Actinic means, as you mention earlier, that it has a spike in the blue wavelength around 420nm. It doesnt say anything about the rest of the colors that the bulb produces and very bright lighting at other wavelengths can overwhelm the blue spike. My actinic white bulb looks very bright white... Not very blue at all. Usually... When a bulb says actinic as the only word then that bulb is a very blue bulb. I say usually as i have seen one bulb that wasnt.


----------



## Fishy_Cichlid (Aug 4, 2011)

Number6, do you mean to say that ther are 2 types of Actinics ? Actinic white & Actinic Blue ? And that Actinic white is Actinic blue 'spike' with some other color of the spectrum and Actnic blue is a Actinic blue 'spike' with only blue color :roll: :roll:

The LFS fella told me that he has got a Philips Aquacoral Super Actinic. Now is that white or blue ? When i mention colors, as a layman, i mean the color i will get to see inside the tank. Thanks.


----------



## 60gallon (Dec 14, 2010)

Fishy_Cichlid said:


> Thanks Noddy. *But would really appreciate if I saw some tank pictures with say one, just actinics, one with just 10000K or 14000K and one with both. If we had these 3 pictures of the same tank one below the other, we can judge whats better.*


T5HO - 2x: 10K & 2x: Power-glo









If nobody posts any more pictures and you want to see what a 10K / actinic looks like on the same tank give me until this weekend and I'll swap my power-glos out w/ my actinics. I dont really like the actinic bulbs. They make the blues in my peacocks really pop but the other colors arent vibrate at all like they are with the power-glo bulbs. The 10K / power-glo combo gives them a natural looking color not an exaggerated look like it does with actinic bulbs.

Everyones opinion will be different when it comes to what bulb(s) to choose and tanks will look different with the same bulbs so I suggest you spend a little money and buy several different bulbs to test out in *your *tank. *** bought 6 different bulbs to test out before finding the right combo in my tank.


----------



## Fishy_Cichlid (Aug 4, 2011)

Thanks so much 60gallons. You got a great looking tank. I would have rated your tank as just good but with the lights you have there, its superb.


----------



## Narwhal72 (Sep 26, 2006)

Lighting in a nut shell:

Lumens = How bright the light is to the human eye.

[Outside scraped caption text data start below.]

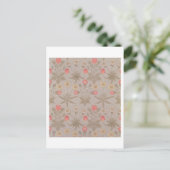 Carte Postale 'Daisy', the first wallpaper designed par William  (Debout devant)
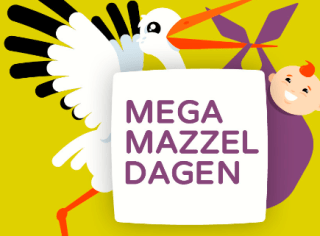 Prénatal Mega Mazzeldagen met diverse kortingen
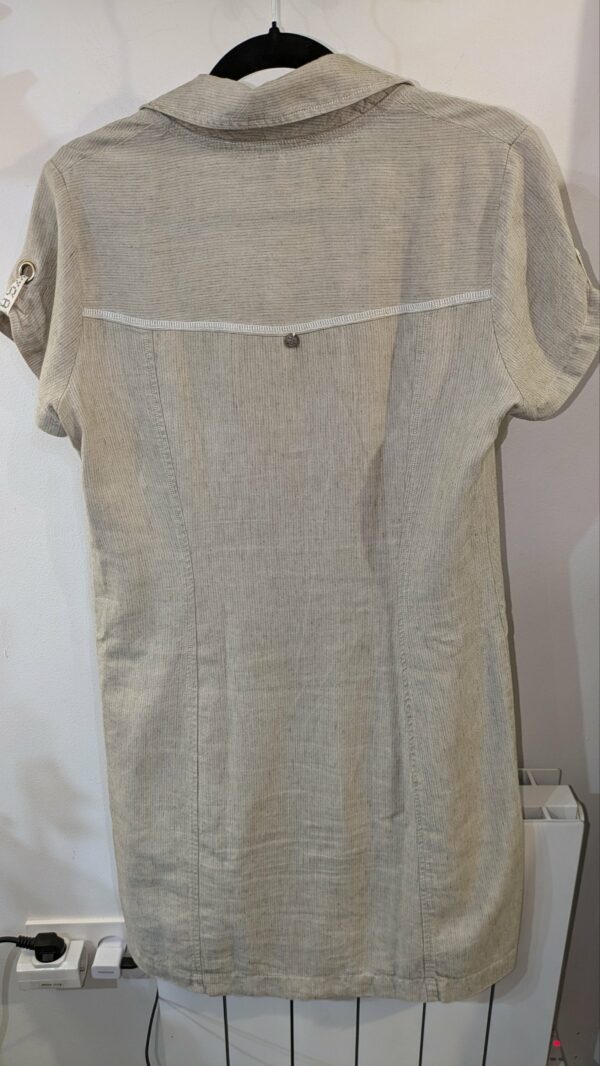 Robe beige MADO ET LES AUTRES taille 38 – Image 3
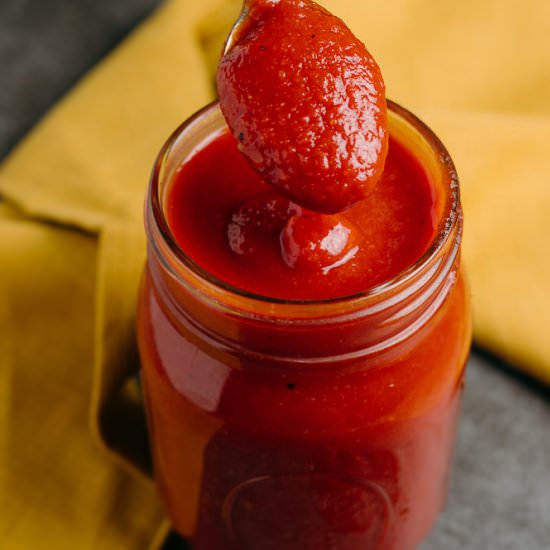 Spicy Bourbon Sugar Free BBQ Sauce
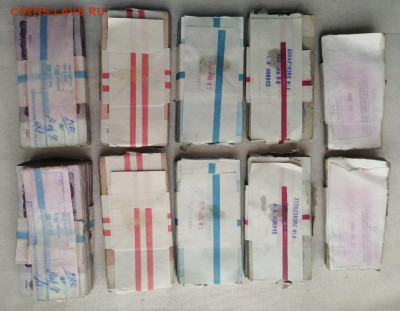 1000 банкнот 1р,3р,5р,10р,25р (по 200шт кажд.номинала) (3) - 1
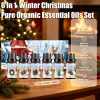6 In 1 Merry Christmas Winter Essential Oils Set Pure Organic Dessert Fragrance Oils for Candle Soap Making Lasting Scented Oil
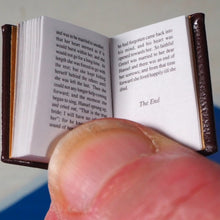 Load image into Gallery viewer, Hansel and Gretel. Andersen, Hans Christian. Publication Date: 1997 CONDITION: NEAR FINE&gt;&gt;MINIATURE BOOK&lt;&lt;
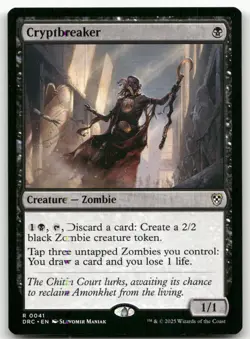 Cryptbreaker #41 (NM) Aetherdrift DRC Magic MTG - Image 1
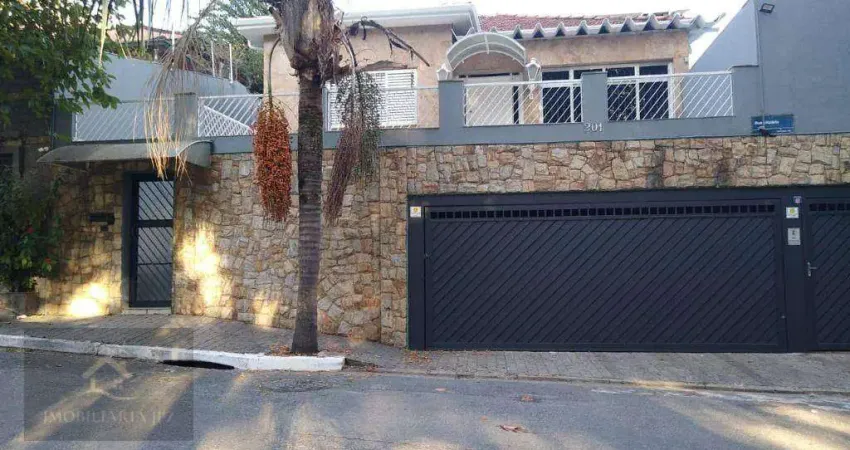 Sobrado com 3 dormitórios para alugar, 400 m² por R$ 9.600/mês - Tatuapé - São Paulo/SP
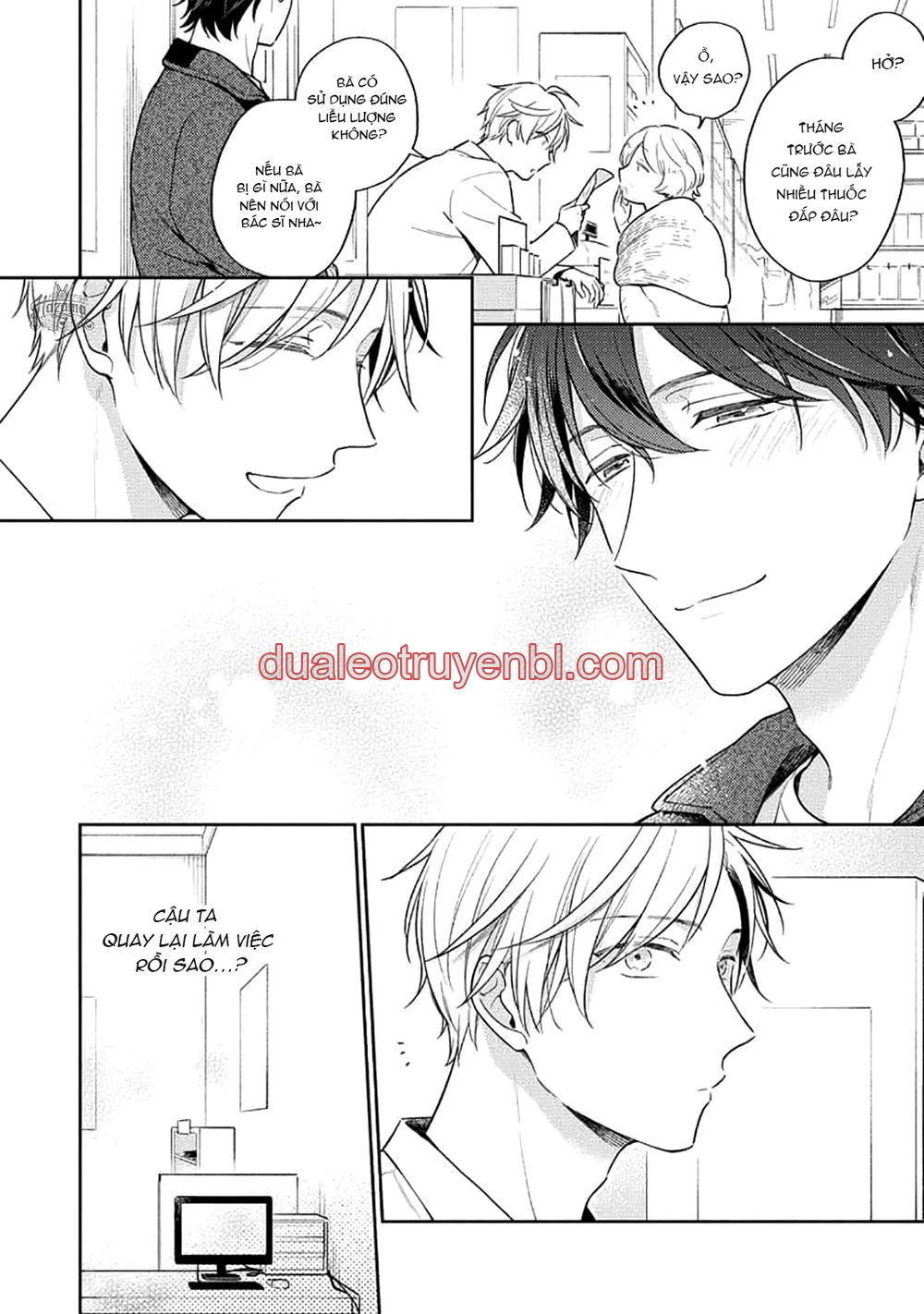 Đêm Trắng, Dục Vọng Và Nỗi Đau - Chapter 2 manhwa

CRI (Color Rendition Index) how well the light reflects colors as compared to natural sunlight (=100). A high CRI bulb will be as close to natural sunlight as possible. A blue lamp makes blue colors stand out really well. However it does not show red and yellow colors very well so it has a low CRI. A high CRI lamp has a good output across the entire visual spectrum. However these may not be the brightest lamps available and many do not do blue colors very well.

Kelvin (Coordinated Color Temperature or CCT) rating = The color of the light as plotted on a color scale called a Planckian locus (google it for more information). A higher Kelvin number means a cooler light that goes towards blue.

Actinic = A lamp or phosphor with a peak at 420 nm (blue-violet). Many "actinic" lamps are actually Royal Blue lamps (peaks at 450-470 nm). You can tell a true actinic by looking at it. If you see little squiggles in your vision it's an actinic. This is caused by the eye trying to "see" the light in the Ultraviolet range which is outside normal human vision. True actinics do not look as bright or as blue as a Royal Blue but do bring out fluorescence in fish and corals and are excellent for photosynthesis.

When comparing the same size and shape lamp more wattage = more light. However when you start comparing different lamp diameters and shapes it no longer holds true. A 28 watt NO T5 lamp is considerably brighter than a 40 watt T12 lamp even though it is less wattage. A 54 watt HO T5 (same size and shape as the 28 watt NO T5) is considerably brighter than the 28 watt.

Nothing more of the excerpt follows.